(Items listed in a dataset)

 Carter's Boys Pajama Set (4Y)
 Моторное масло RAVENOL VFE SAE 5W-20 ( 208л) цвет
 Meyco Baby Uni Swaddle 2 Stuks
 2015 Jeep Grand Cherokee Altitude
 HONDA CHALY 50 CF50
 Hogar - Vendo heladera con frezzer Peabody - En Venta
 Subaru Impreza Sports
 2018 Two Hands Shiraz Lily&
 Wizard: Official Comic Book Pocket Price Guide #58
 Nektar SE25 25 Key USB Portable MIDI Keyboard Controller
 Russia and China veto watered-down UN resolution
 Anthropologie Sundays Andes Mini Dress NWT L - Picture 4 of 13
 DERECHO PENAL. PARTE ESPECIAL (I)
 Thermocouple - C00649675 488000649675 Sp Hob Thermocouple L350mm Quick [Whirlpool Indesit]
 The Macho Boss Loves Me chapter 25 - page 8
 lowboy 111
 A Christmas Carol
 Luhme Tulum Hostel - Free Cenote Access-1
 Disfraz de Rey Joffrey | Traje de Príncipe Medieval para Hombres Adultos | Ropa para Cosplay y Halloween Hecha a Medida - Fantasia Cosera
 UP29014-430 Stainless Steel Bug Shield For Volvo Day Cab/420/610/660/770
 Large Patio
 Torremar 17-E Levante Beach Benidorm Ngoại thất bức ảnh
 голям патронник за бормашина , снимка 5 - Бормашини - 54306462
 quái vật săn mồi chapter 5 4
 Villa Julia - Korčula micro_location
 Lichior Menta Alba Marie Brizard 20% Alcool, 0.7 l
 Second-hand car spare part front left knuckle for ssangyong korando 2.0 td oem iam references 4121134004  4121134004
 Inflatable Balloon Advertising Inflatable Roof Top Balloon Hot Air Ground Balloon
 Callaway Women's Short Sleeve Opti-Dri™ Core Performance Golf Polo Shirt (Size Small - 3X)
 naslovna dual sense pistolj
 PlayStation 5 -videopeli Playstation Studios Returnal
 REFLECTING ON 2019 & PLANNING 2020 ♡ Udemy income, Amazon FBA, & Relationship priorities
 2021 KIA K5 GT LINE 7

Prompt → I need each line above reproduced exactly.

Exercise result →
 Carter's Boys Pajama Set (4Y)
 Моторное масло RAVENOL VFE SAE 5W-20 ( 208л) цвет
 Meyco Baby Uni Swaddle 2 Stuks
 2015 Jeep Grand Cherokee Altitude
 HONDA CHALY 50 CF50
 Hogar - Vendo heladera con frezzer Peabody - En Venta
 Subaru Impreza Sports
 2018 Two Hands Shiraz Lily&
 Wizard: Official Comic Book Pocket Price Guide #58
 Nektar SE25 25 Key USB Portable MIDI Keyboard Controller
 Russia and China veto watered-down UN resolution
 Anthropologie Sundays Andes Mini Dress NWT L - Picture 4 of 13
 DERECHO PENAL. PARTE ESPECIAL (I)
 Thermocouple - C00649675 488000649675 Sp Hob Thermocouple L350mm Quick [Whirlpool Indesit]
 The Macho Boss Loves Me chapter 25 - page 8
 lowboy 111
 A Christmas Carol
 Luhme Tulum Hostel - Free Cenote Access-1
 Disfraz de Rey Joffrey | Traje de Príncipe Medieval para Hombres Adultos | Ropa para Cosplay y Halloween Hecha a Medida - Fantasia Cosera
 UP29014-430 Stainless Steel Bug Shield For Volvo Day Cab/420/610/660/770
 Large Patio
 Torremar 17-E Levante Beach Benidorm Ngoại thất bức ảnh
 голям патронник за бормашина , снимка 5 - Бормашини - 54306462
 quái vật săn mồi chapter 5 4
 Villa Julia - Korčula micro_location
 Lichior Menta Alba Marie Brizard 20% Alcool, 0.7 l
 Second-hand car spare part front left knuckle for ssangyong korando 2.0 td oem iam references 4121134004  4121134004
 Inflatable Balloon Advertising Inflatable Roof Top Balloon Hot Air Ground Balloon
 Callaway Women's Short Sleeve Opti-Dri™ Core Performance Golf Polo Shirt (Size Small - 3X)
 naslovna dual sense pistolj
 PlayStation 5 -videopeli Playstation Studios Returnal
 REFLECTING ON 2019 & PLANNING 2020 ♡ Udemy income, Amazon FBA, & Relationship priorities
 2021 KIA K5 GT LINE 7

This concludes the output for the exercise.